𐤉𐤄𐤅𐤔𐤅𐤏 non lo contraddisse.
Se l’avversario stesse mentendo sulla proprietà — 𐤉𐤄𐤅𐤔𐤅𐤏 lo avrebbe corretto. Non lo fece.
- Giovanni 12:31 — lo chiama «il principe di questo mondo» — archon tou kosmou toutou
- Giovanni 14:30 — «viene il principe di questo mondo e lui nulla ha in me»
Non dice «non ha autorità.» Dice non ha nulla in me. La distinzione è critica. L’avversario aveva autorità legittima sul sistema — non su 𐤉𐤄𐤅𐤔𐤅𐤏 perché Egli non entrò mai in quel 𐤁𐤓𐤉𐤕.
7. Il recupero legale — perché doveva essere così
Perché 𐤉𐤄𐤅𐤄 non poteva semplicemente prendere con la forza
L’uomo consegnò la delega volontariamente all’interno delle regole del sistema del libero arbitrio che 𐤉𐤄𐤅𐤄 stesso aveva progettato.
Per recuperarla senza violare l’architettura — occorreva un uomo che: - Non consegnasse mai la delega - Vivesse all’interno del sistema caduto senza appartenervi - Morisse senza aver dato nulla all’avversario - Nel morire essendo innocente — la morte non avesse diritto legale su di Lui
Romani 5:17 — «se per la trasgressione di uno solo regnò la morte — quanto più regneranno nella vita per uno solo.»

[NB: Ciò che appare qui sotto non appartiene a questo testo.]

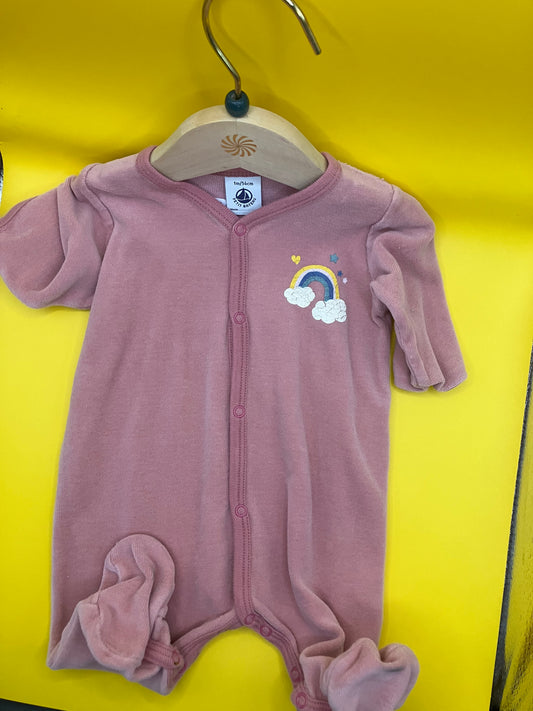 Pyjama PETIT BATEAU  1 mois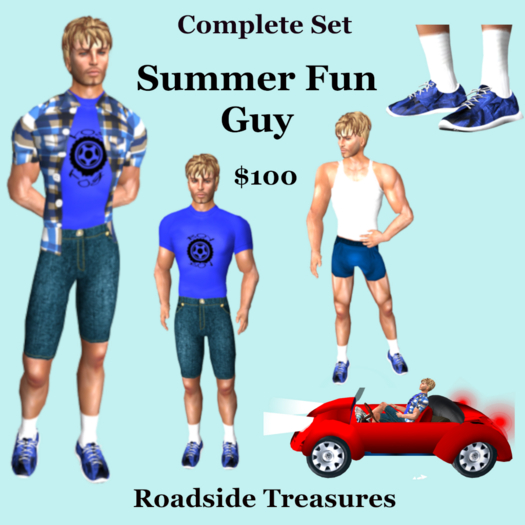 Summer Fun Guy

Un uomo consegnò. Un uomo recuperò.
Colossesi 2:15: «Avendo spogliato i principati e le potestà, li espose pubblicamente, trionfando su di loro in croce.»

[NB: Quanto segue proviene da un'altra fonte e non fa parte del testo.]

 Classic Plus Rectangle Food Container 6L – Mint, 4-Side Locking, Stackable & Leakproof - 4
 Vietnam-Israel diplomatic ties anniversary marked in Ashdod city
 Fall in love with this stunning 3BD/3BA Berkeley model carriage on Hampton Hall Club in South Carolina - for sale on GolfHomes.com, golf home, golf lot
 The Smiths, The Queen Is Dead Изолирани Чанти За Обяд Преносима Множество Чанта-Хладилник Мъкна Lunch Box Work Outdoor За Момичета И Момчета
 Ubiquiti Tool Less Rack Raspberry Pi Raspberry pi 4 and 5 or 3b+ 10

Non fu conquista militare. Fu recupero legale all’interno delle regole del sistema.
8. Legione sapeva la cronologia — Marco 5 / Luca 8
Quando 𐤉𐤄𐤅𐤔𐤅𐤏 arrivò sulla riva, Legione non disse «non hai autorità.» Disse:
«Che ho a fare con te? Ti scongiuro di non tormentarmi.» «Non mandarci fuori dalla regione.»
Luca 8:31 — lo supplicavano di non mandarli nell’abisso. Abyssos — il luogo del confinamento finale.

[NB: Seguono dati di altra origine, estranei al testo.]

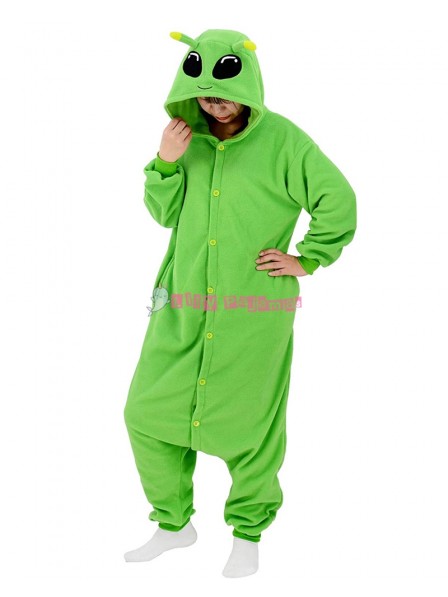 Alien Onesie for Adults Quick & Simple Halloween Costumes Outfit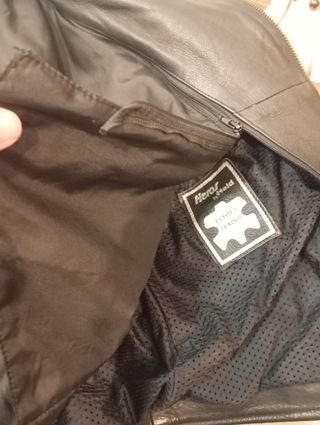 Chaqueta moto piel Heros by Held personalizada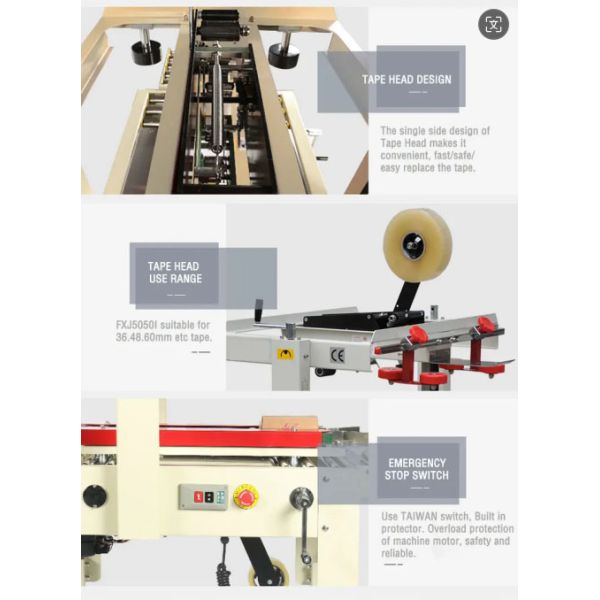 HIPAC FXJ4030 Carton Sealer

Jazon (Apocalisse) 20:1-3 — quell’incatenamento avviene all’inizio del millennio.
Legione sapeva che quel momento sarebbe venuto — ma non era ancora il tempo. Scelsero i porci piuttosto che l’abisso perché sapevano che restava loro del tempo — approssimativamente altri 2000 anni prima del ritorno del Re.
9. Daniyel 9 e Matteo 18 — la settantesima settimana sospesa
Le 70 settimane — Daniyel 9:24-27
490 anni decretati per: - Porre fine alla trasgressione - Far cessare il peccato - Espiare l’iniquità - Portare la giustizia eterna - Sigillare visione e profezia - Ungere il Santo dei santi
La sessantanovesima settimana termina con l’ingresso trionfale di 𐤉𐤄𐤅𐤔𐤅𐤏 a Yerushalayim. Matematicamente preciso a partire dal decreto di Artaserse.
L’orologio si fermò. La settantesima settimana rimase sospesa.
Matteo 18:21-22 — Pietro chiede quante volte perdonare
Pietro: «Fino a sette?» — l’anno sabbatico, il ciclo completo di perdono della Torah.
𐤉𐤄𐤅𐤔𐤅𐤏: «Settanta volte sette» — 490. Il numero esatto di Daniele.
Non è una coincidenza. Il perdono opera durante le 490 unità. Quando la settantesima settimana si compirà — la verga di ferro.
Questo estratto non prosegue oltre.